Uselessness Is Next to Saintliness

Fear, hunger, sex, and aggression are widely acknowledged, but one of the most destructive human impulses passes without notice: the urge to be useful. The wisest man I ever knew used to instruct his doctoral students to insert errors and infelicities in their dissertations - he was bound to assert his usefulness by changing something, he said, and if the dissertation came to him perfect, anything he changed would only mar it, and he would be unable to help himself. I used to follow this principle with my editor at the Village Voice, with considerable success. If there was an odd locution I wanted to get away with, I would insert a more badly-phrased one somewhere else, and he'd make the change there and leave my idiosyncratic sentence alone.

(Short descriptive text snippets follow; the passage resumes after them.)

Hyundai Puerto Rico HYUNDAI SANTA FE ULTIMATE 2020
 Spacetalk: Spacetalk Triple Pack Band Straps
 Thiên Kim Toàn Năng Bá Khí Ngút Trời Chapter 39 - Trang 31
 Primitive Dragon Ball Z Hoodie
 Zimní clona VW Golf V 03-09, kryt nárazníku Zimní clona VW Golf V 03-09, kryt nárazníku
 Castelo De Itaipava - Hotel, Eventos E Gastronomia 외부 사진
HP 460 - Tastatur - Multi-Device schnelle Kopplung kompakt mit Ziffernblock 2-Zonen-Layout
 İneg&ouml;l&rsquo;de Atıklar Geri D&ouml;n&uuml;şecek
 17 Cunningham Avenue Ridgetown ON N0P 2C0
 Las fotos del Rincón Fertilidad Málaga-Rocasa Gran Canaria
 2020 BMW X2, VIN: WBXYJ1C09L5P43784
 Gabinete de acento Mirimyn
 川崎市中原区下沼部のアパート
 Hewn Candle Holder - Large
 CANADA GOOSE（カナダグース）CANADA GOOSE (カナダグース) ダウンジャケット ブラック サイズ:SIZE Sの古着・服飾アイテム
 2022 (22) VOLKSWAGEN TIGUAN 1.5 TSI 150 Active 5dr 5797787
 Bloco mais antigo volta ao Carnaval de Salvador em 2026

I thought of this the other day upon hearing a piece by a student composer that was just about perfect, without a note one could add or subtract. I was relieved that he wasn't studying with me, because I would have wanted to change something, and there was nothing to be profitably changed. Professors dearly like to feel they are doing some good in the world, and the student who shows up with a perfect piece is almost an affront. Even if a piece isn't perfect, it is sometimes evident that a student is following a process that he or she needs to go through, and no advice from outside will do any good. Usually the student is frustrated about the piece progressing too slowly, or not coming out the way desired; less often, the student is deluding himself about the effect he's creating, and needs a dose of reality. In those cases, advice and intervention are certainly called for. But 15, 20, 30 percent of the time the compositional process is simply following its necessary course, and no professorial interference can do any good. Sometimes the student even insists on advice and interference, and wants to be taught the kind of lesson that, ultimately, one can only learn for oneself. It takes a disciplined kind of austerity for the professor to stand down and not give advice when it won't be helpful. I get the impression that some composition teachers don't believe such moments exist.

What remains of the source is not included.